David A. Harding [ARCHIVE] on Nostr: 📅 Original date posted:2016-11-11 📝 Original message: On Fri, Nov 11, 2016 at ...

📅 Original date posted:2016-11-11
📝 Original message:
On Fri, Nov 11, 2016 at 12:11:54AM +0100, CJP wrote:
> [...] possible for the attacker by sending many large transactions to
> himself, over a long route, and letting them time out [...] a lot of
> funds get locked up, and the total cost of lost opportunity to
> innocent nodes is a lot higher than that of the attacker.
>
> [...] a solution for this DoS mode [is] where nodes require either a
> fast commit or roll-back within a short amount of time (say 30
> seconds), or a proof that another channel was closed
>
> [...] This basically limits the freedom in channel design to a design
> space that can be understood by all nodes in the network.

> Instead of being an individual decision between two peers, channel
> design now becomes a collective network decision. This interferes
> with my vision, presented in Montreal, of a heterogeneous network.

I'm trying to reason about this, and I may have made a mistake, but I
don't think this DoS mitigation proposal requires a homogeneous network
because the only person from which you need to receive a (1) commit, (2)
roll-back, or (3) channel close proof is your direct peer---so as long
as your direct peer knows how to read the channel close proofs you
provide them, you can use any style channel close proofs you want.

So if we have Alice routing through Bob,

Alice -> Bob -> ?

Alice has to understand whatever proofs Bob gives her. But if Zed
routes through Alice (who routes through Bob),

Zed -> Alice -> Bob -> ?

Then Zed doesn't need to understand Bob's proofs; he only needs to
understand Alice's proofs, which could be for a different network or
network protocol than what Bob's using.

To be more specific, I'll work your examples below.

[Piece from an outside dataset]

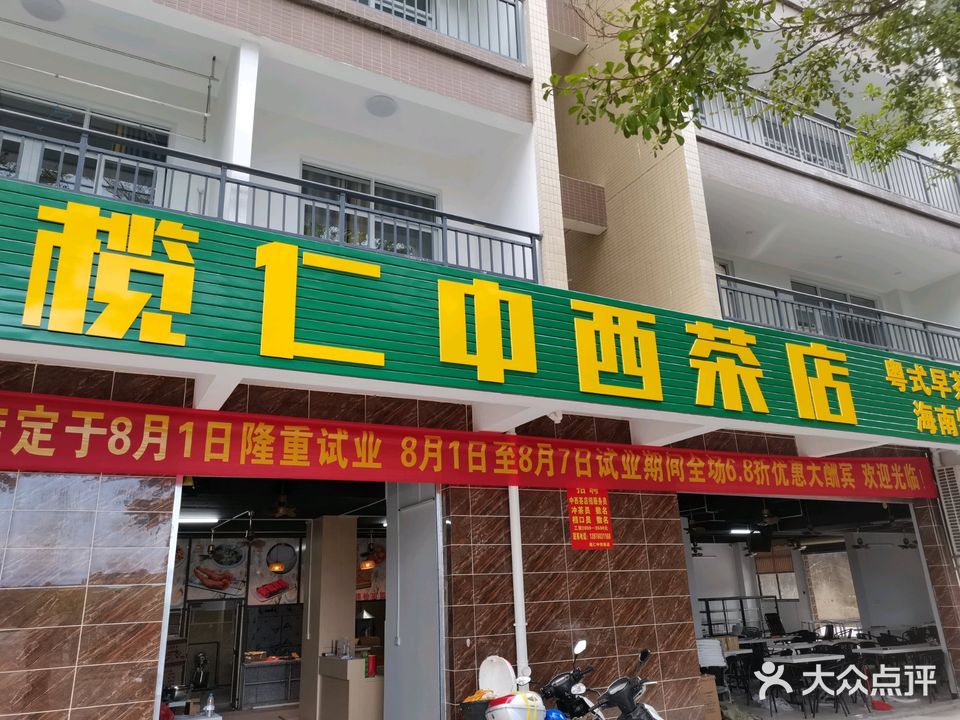 榄仁中西茶店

> Some examples of things that will become impossible, or very difficult
> to accomplish:
> * Transparent routing between side chains: nodes that don't know about a
> certain side chain can't verify a channel close on that side chain.
> * Trust-free de-centralized exchange between different block chains:
> different block chains, so same story.

Let's imagine the following route:

[......bitcoin....] | [FooChain]
|
Zed -> Alice -> Bob | Bob -> ?

1. Zed tells Alice that he only knows about Bitcoin, and routes the
payment through her.

2. Alice tells Bob that she knows about Bitcoin as well as FooChain, and
routes the payment through him.

3. Bob has channels open both on Bitcoin and FooChain, and he routes the
payment to one of his peers on FooChain.

If,

a: Bob's peer tarpits the payment, Bob can close his FooChain channel
and show the proof to Alice (who knows about FooChain and can
understand the transaction).

Or,

b: Bob tarpits the the payment, Alice can close her Bitcoin channel to
Bob and show the proof to Zed (who doesn't need to know anything about
FooChain).

Or,

c: If Alice tarpits the payment, Zed can close his channel to Alice.

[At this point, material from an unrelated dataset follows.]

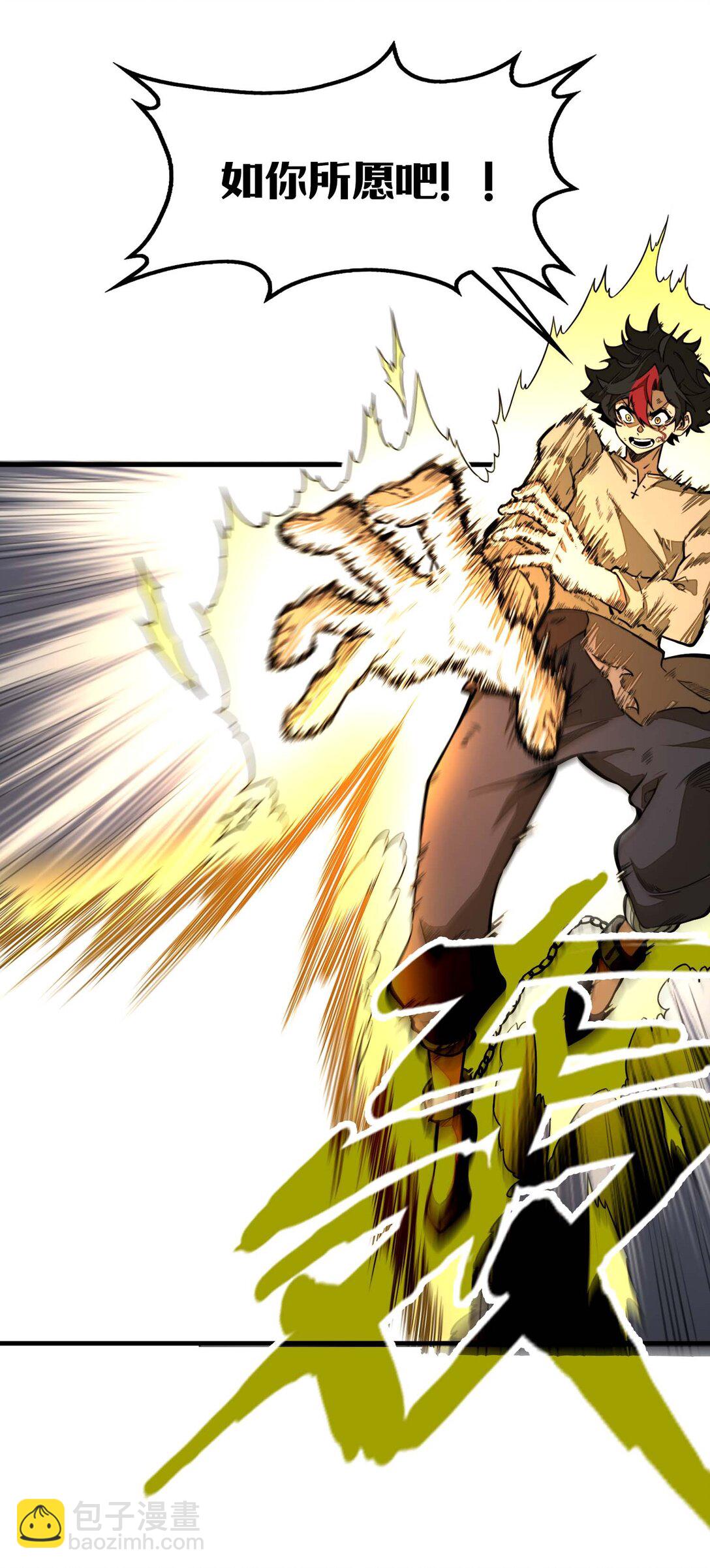 第13话 感受怨念吧！(1/2)-第13话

So, in this case, we have individual negotiation between peers about what
blockchains they support, providing for heterogeneity among client
implementations.

> * Trust-free de-centralized exchange of different assets on the same
> block chain (e.g. colored coins): other nodes might reject this if they
> don't understand the amount locked in the HTLC.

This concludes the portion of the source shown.